The future of cloud policy in the EU: have your say (until 4th of June)
The EU is aiming towards a Cloud and AI Development Act aiming to triple European data center capacity, cut red tape, and prioritize digital sovereignty - yet challenges like legacy systems, grid strain, and intertia within public administrations remain unaddressed.
The European Commission has opened a consultation, which will run until the 4th of June, seeking feedback on the preparatory work for the Cloud and AI Development Act (which is ambitiously set to be proposed in Q4 2025 or Q1 2026), creating, among other things, a single EU-wide cloud policy for public administrations and public procurement.
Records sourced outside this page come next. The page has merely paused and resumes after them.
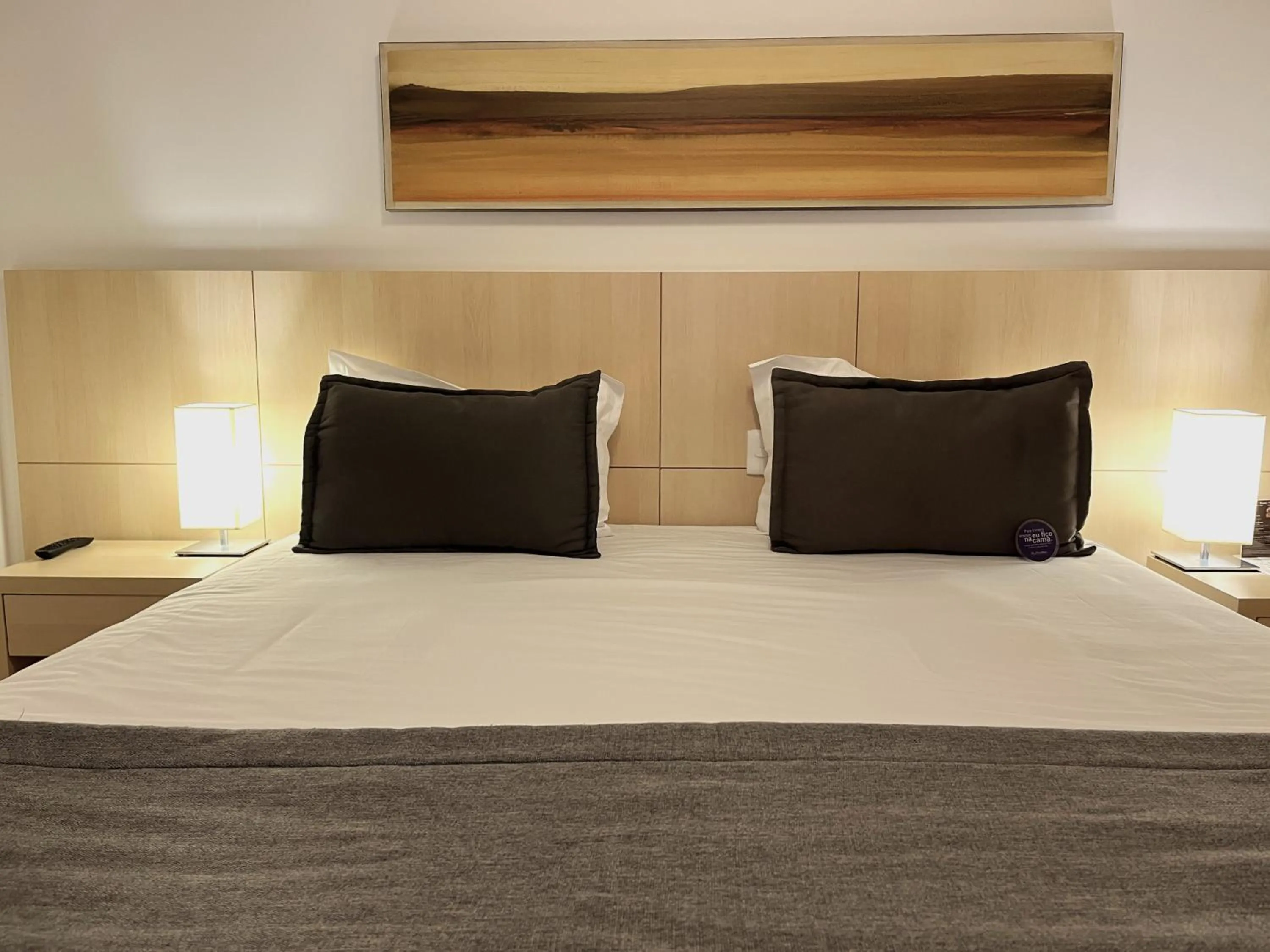 Bed in Hotel Mont Blanc Premium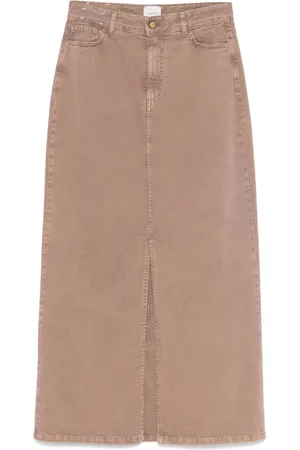 ALYSI Jupe longue à patch logo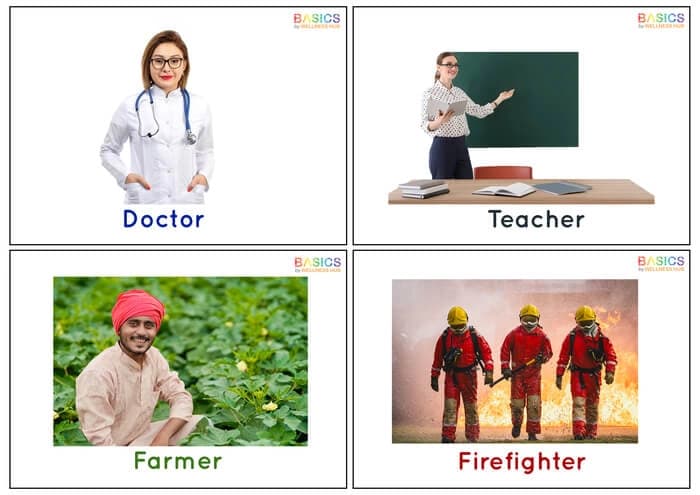 Professions Flashcards for Kids – Explore Careers Printable PDF-PDF1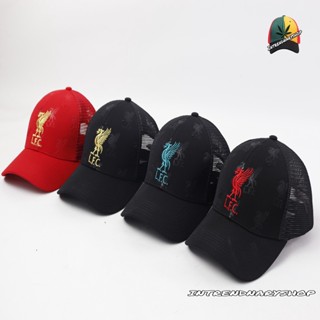 หมวกฟุตบอล ทีมลิเวอร์พูล หมวกตาข่าย Liverpool Fc ใส่เล่นกีฬา Sport Cap Baseball Cap Vintage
The goals are to “at least triple the EU's data centre capacity in the next 5–7 years, prioritising highly sustainable data centres.” To put it more simply - create regulatory carveouts for European cloud service providers, partially through reducing red tape by cutting permitting times, making access to energy, water, land and capital easier by “offering possible financial support (in line with applicable State aid rules) to data centres with a high innovation and sustainability contribution”; partially through setting out specific requirements for public administrations and public procurement to use European data centre capacity.
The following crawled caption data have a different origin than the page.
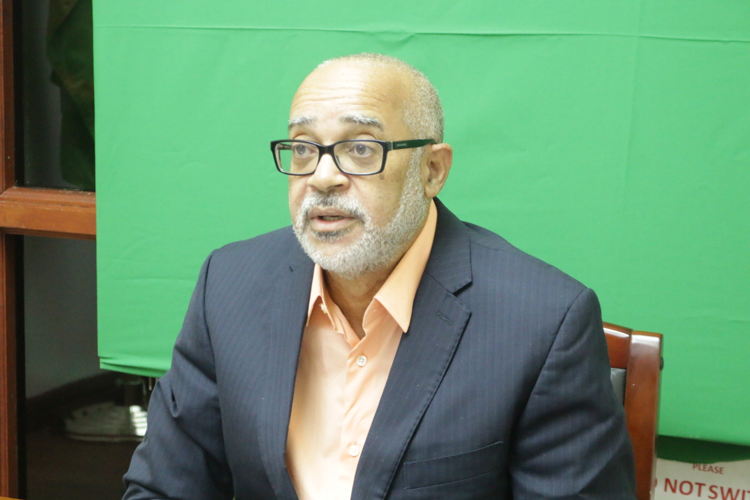 Director General of the OECS, Dr. Didacus Jules delivers remarks.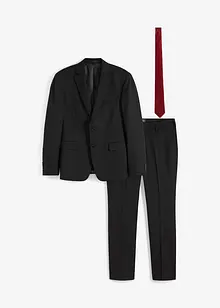 Pak met stropdas, regular fit (3-dlg. set), bonprix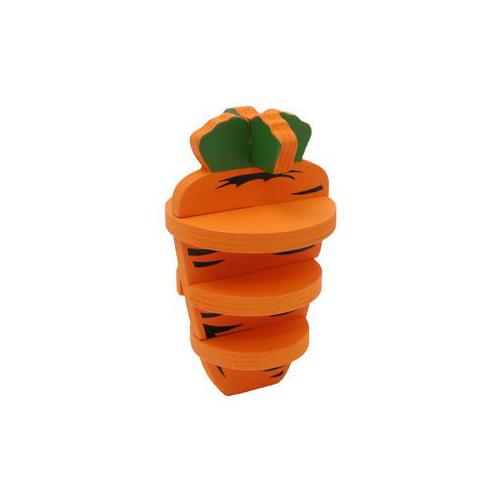 Dřevěná 3D mrkev 14 cm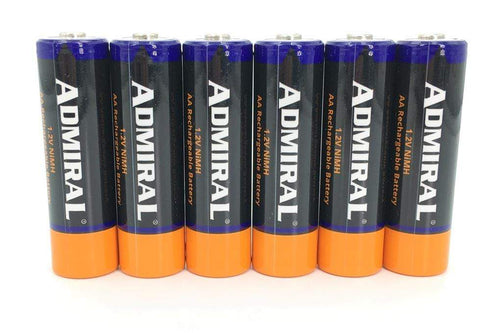 Admiral 1.2V 2600mAh NiMH AA Rechargeable Batteries (6 Pack) ADM6025-002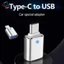 Bộ chuyển đổi nhôm USB 3.0 sang Type C OTG sang USB C USB-A sang Micro USB Type-C Bộ chuyển đổi nữ cho Pro / Air và điện thoại thông minh VN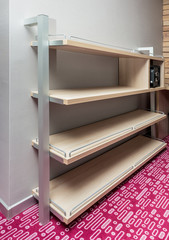 Wardrobe with safe in the hotel room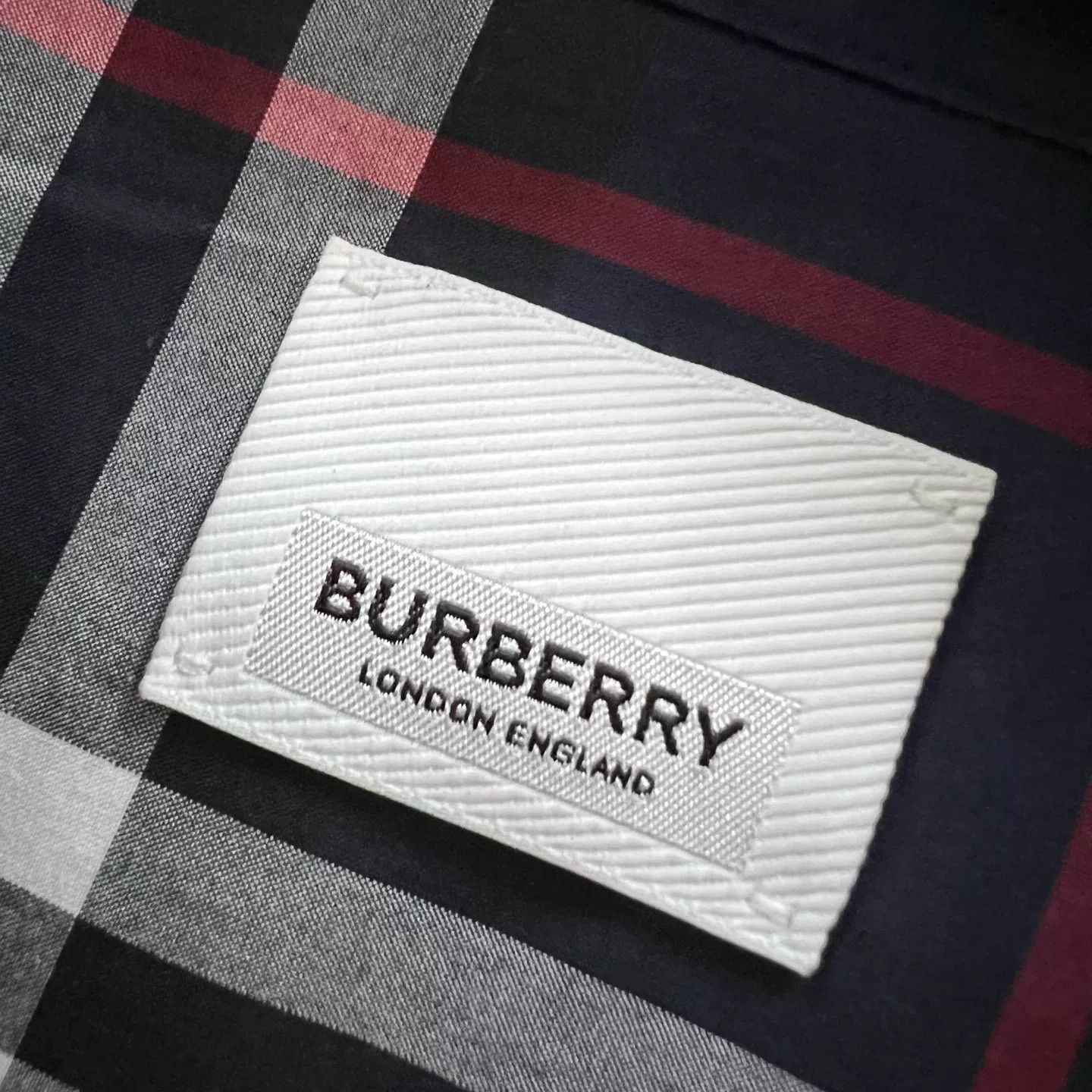 Burberry Burberry Navy Classic Check Long Sleeve Shirt XL Size US XL / EU 56 / 4 - 4 Thumbnail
Scenarios set out by the Commission
In the consultation paper, the Commission sets out four possible scenarios for further action, although, it may seem like option #4 is the one the Commission is most likely to go for - judging from its repeated ambition for European digital sovereignty in the Competitiveness Compass, Ursula von der Leyen’s mission letters to Commissioners, and the recent AI Continent Action Plan.
#0 (baseline scenario) - Baseline scenario against which the further policy options will be compared. It will take into account existing national and EU policies and important technological or social developments.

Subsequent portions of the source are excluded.